Later Jesus would tell His men, “And do not fear (phobos) those who kill the body but cannot kill the soul. But rather fear (phobos) Him who is able to destroy both soul and body in hell.” ( Mt. 10:28; top ) The cowardly and fearful (delia) can only look forward to eternity in hell. But those who fear (phobos) God are not given a spirit of fear (delia) but of power, love and a sound mind - that is, the mind of Christ and the Spirit of God.
Solomon’s advice still stands eminently practical even to our day.
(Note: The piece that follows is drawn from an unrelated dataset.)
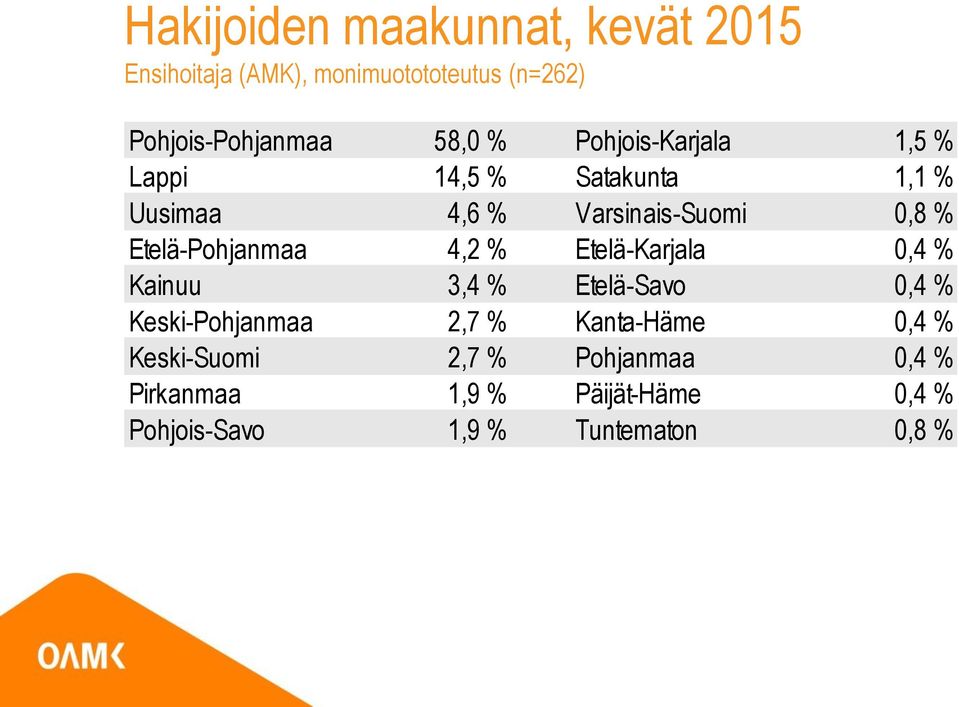 Etelä-Karjala 0,4 % Kainuu 3,4 % Etelä-Savo 0,4 % Keski-Pohjanmaa 2,7 % Kanta-Häme 0,4 %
After exploring every avenue of human existence that he could imagine, he wrote, “Let us hear the conclusion of the whole matter: Fear God and keep His commandments, for this is the whole duty of man.” ( Eccl. 12:13; top ) Under the New Covenant, though we are not under the commandments of the law, we are under the personal command of Christ Jesus who, through His Holy Spirit, will instruct and direct us into attitudes and actions that will fulfill the righteous requirements of God. We still need to fear God and keep His commands, commands which John tells us are not burdensome. ( 1 Jn. 5:3; top )
“The fear of the Lord is the beginning of wisdom,” wrote Solomon ( Prov. 9:10; top ) and this is a lesson that the ekklesia seems to have forgotten. Paul’s compilation of Old Testament references to the wickedness of man culminates with, “There is no fear of God before their eyes.” ( Rom. 3:18 ; Psa. 36:1 ) The fear of the Lord is to hate all evil. ( Prov. 8:13; top )
What we fear is what will determine where we will spend eternity. If we fear some petty circumstances that surround our lives, or if we fear the unknown events of tomorrow, we can only look forward to an eternity in the lake of fire. This is because our fear is our explicit refusal to trust God to dispose of our lives as He sees fit and is our explicit embracing of demonic spirits so that they might control our lives. But if we will fear God and relinquish control of our lives to His Spirit, when that which is perfect is come, His perfect love will remove all fear forever and we will remain with Him throughout all of eternity in glorious life that cannot even be imagined now. So if we find we have feared the wrong things in life, let us be quick to repent now while we still can.
May God grant us a spirit of wisdom and revelation that we may know Him better. May we be like Isaiah and Ezekiel of old who, upon experiencing a vision of God, cried out, “I am undone!” The best thing that could happen to our smug, religious delusions about God would be for us to experience Him in a face to face, heart to heart encounter where we begin to grasp something of His transcendence and awesome majesty. What a difference that would make in us.